Greek Prime Minister Alexis Tsipras spoke to party supporters in the northern city of Thessaloniki on Friday evening, again boasting of taking the country out of the memorandum era entailed in three successive bailouts, and pointing to what he called a path towards “fair growth”.
The head of the poll-trailing SYRIZA party arrived in the city to also deflect grassroots opposition, particularly in northern Greece and with Thessaloniki as the focal point, to his government’s provisional Prespa agreement with the neighboring former Yugoslav Republic of Macedonia (fYRoM).
Speaking at a small indoor arena to a few thousand supporters, many bused in from other parts of the country, Tsipras countered that Thessaloniki is not the “city of the far-right and hate … Macedonia and Thessaloniki will not turn back,” he said, referring to the northern Greece province and the name that is at the heart of the fYRoM “name dispute” between Greece and fYRoM. The one-time Yugoslav constituent state has insisted on the constitutional name of “Republic of Macedonia” since 1991.
His references to the provisional Prespa agreement and the overall “name issue”, was, in fact, extensive and detailed.
“We came to provide a solution to the benefit of Greece, to our Macedonia; to the benefit of all the Balkans, for peace, cooperation and co-development in our region … the Prespa agreement ends the falsification of our history. It conclusively ends, once and for all, the insulting appropriation of ancient Hellenic (Greek) Macedonia; it conclusively ends, once and for all, fYRoM’s absurdity and irredentism, in a crystal-clear manner, which will from now on be printed in the neighboring country’s constitution.”
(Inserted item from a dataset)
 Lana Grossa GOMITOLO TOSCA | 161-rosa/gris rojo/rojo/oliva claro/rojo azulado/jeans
Turning to previous Greek governments since 1991, he said the agreement – which must be ratified by the legislatures in both countries – closes a “window” opened by the “irresponsible stance of (past) Greek governments, which led to the neighboring country being recognized, internationally, with its current constitutional name, namely, the Republic of Macedonia.”
Finally, in addressing shrill and ideologically-tinted attacks on his party and the coalition government, Tsipras said: “the Left is not selling out Macedonia; it’s saving the cultural and historical legacy of Greek Macedonia; that’s what the Left is doing with the Prespa agreement…”
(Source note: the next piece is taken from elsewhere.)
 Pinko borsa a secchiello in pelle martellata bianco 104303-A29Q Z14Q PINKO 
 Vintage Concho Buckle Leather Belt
Tsipras’ address in Thessaloniki was greeted by a small counter rally at the White Tower, with protestors surround by much larger, in size, police contingent to protect the venue. Moreover, the speaking event was scheduled after a date was fixed for rival New Democracy (ND) party’s congress in Athens and the inaugural address by party leader Kyriakos Mitsotakis – something that in the past was avoided by major parties in Greece.